(Available data)
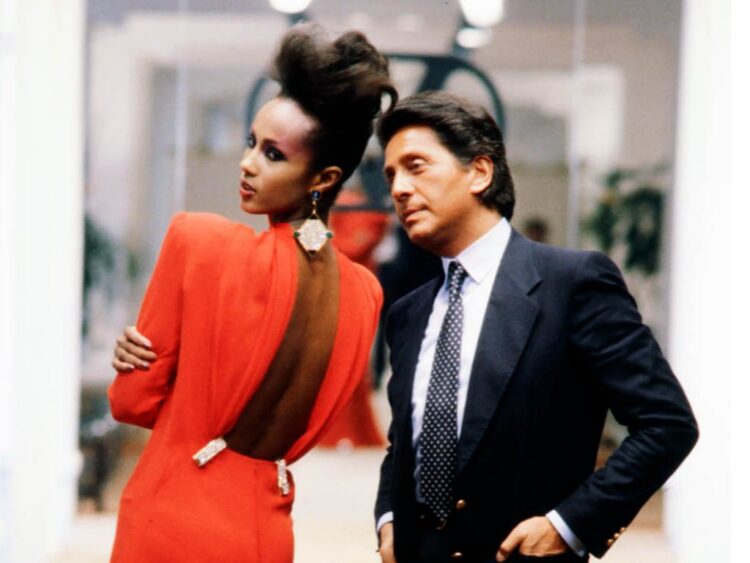 Valentino Garavani, diseñador de moda italiano, posando con una modelo que porta un vestido rojo icónico, símbolo de su legado en la alta costura.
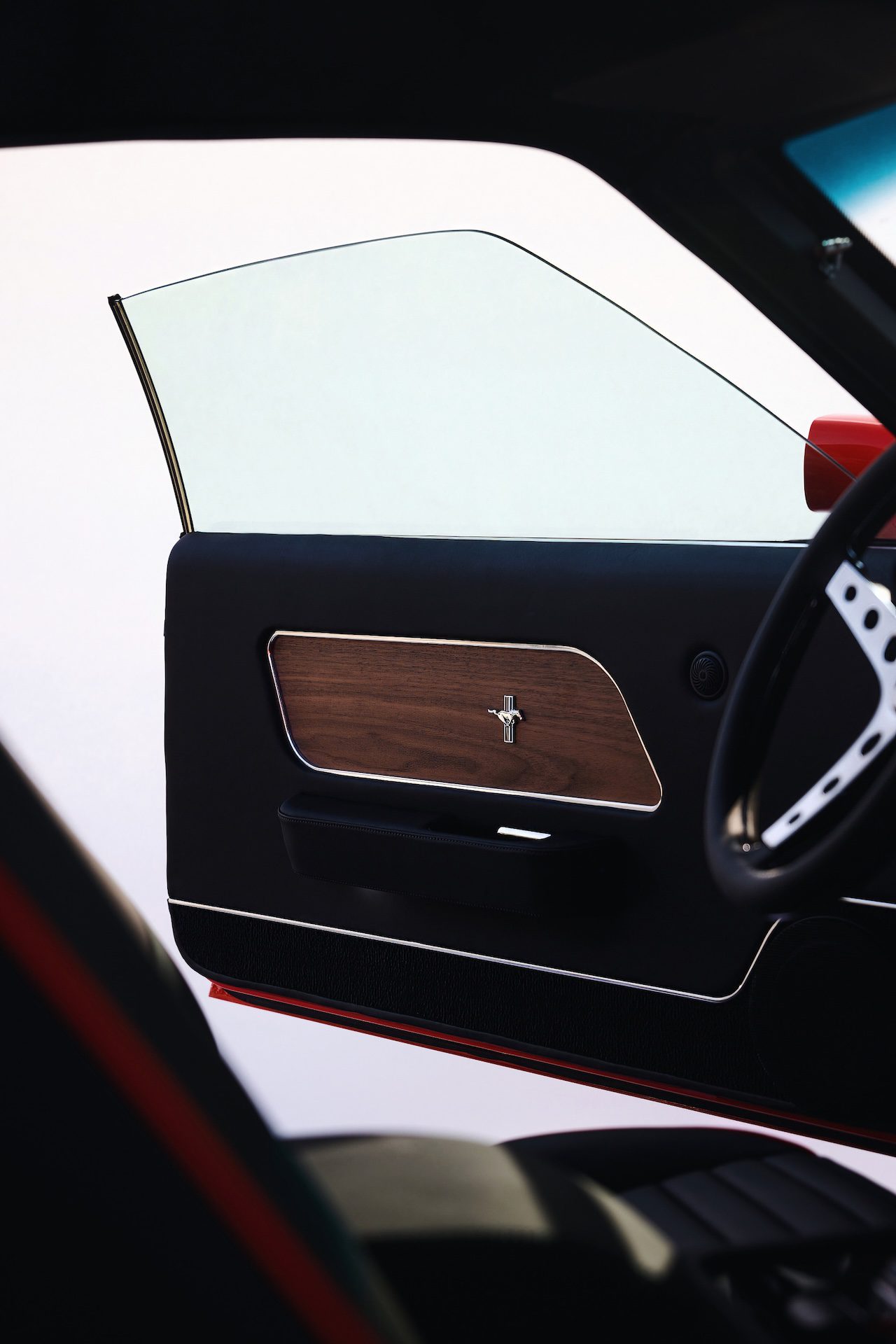 Interior door panel of a Revology classic Mustang restomod featuring premium black leather, a walnut-style wood grain insert, and a chrome Mustang "Running Horse" emblem.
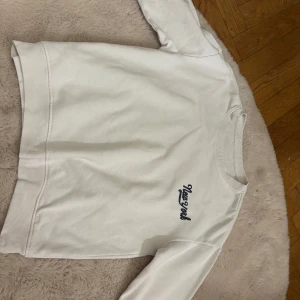 Vit sweatshirt med New York-tryck - Säljer en vit sweatshirt med ett stilrent New York-tryck i mörkblått på bröstet från lager 157 Tröjan har en klassisk rund hals och ribbade muddar vid ärmslut och nederkant. Perfekt för en avslappnad stil. Tror på ett ungefär att den är i storleken 152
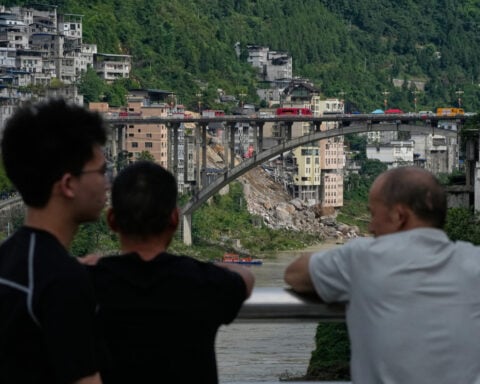 Rescuers race to find survivors in the rain after a landslide in China kills at least 8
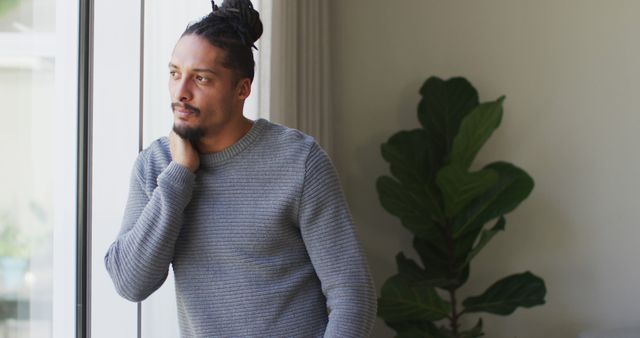 Man standing by window, wearing a gray sweater, leaning on his hand, looking thoughtful. Green plant adds to the cozy home ambiance. Useful in lifestyle blogs, mental health awareness content, reflective articles, or advertisements related to home goods and apparel.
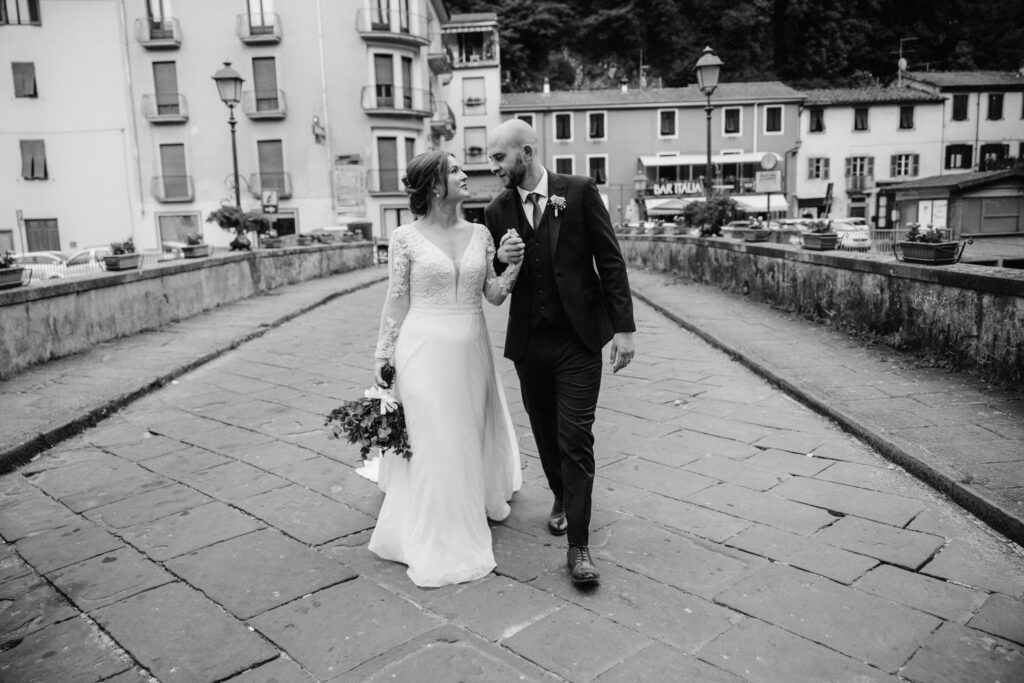 bride and groom walk across bride in the town of Bagni di Lucia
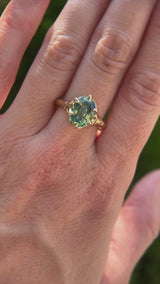 3.29ct Untreated Oval Parti Green Sapphire Low Profile 6 Prong Evergreen Carved Solitaire in 14k Yellow Gold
(End Available data)
Transcribe exactly the span of lines from the line holding "bride and groom" through the last line above, both included. Pictures stay out.

 bride and groom walk across bride in the town of Bagni di Lucia
 3.29ct Untreated Oval Parti Green Sapphire Low Profile 6 Prong Evergreen Carved Solitaire in 14k Yellow Gold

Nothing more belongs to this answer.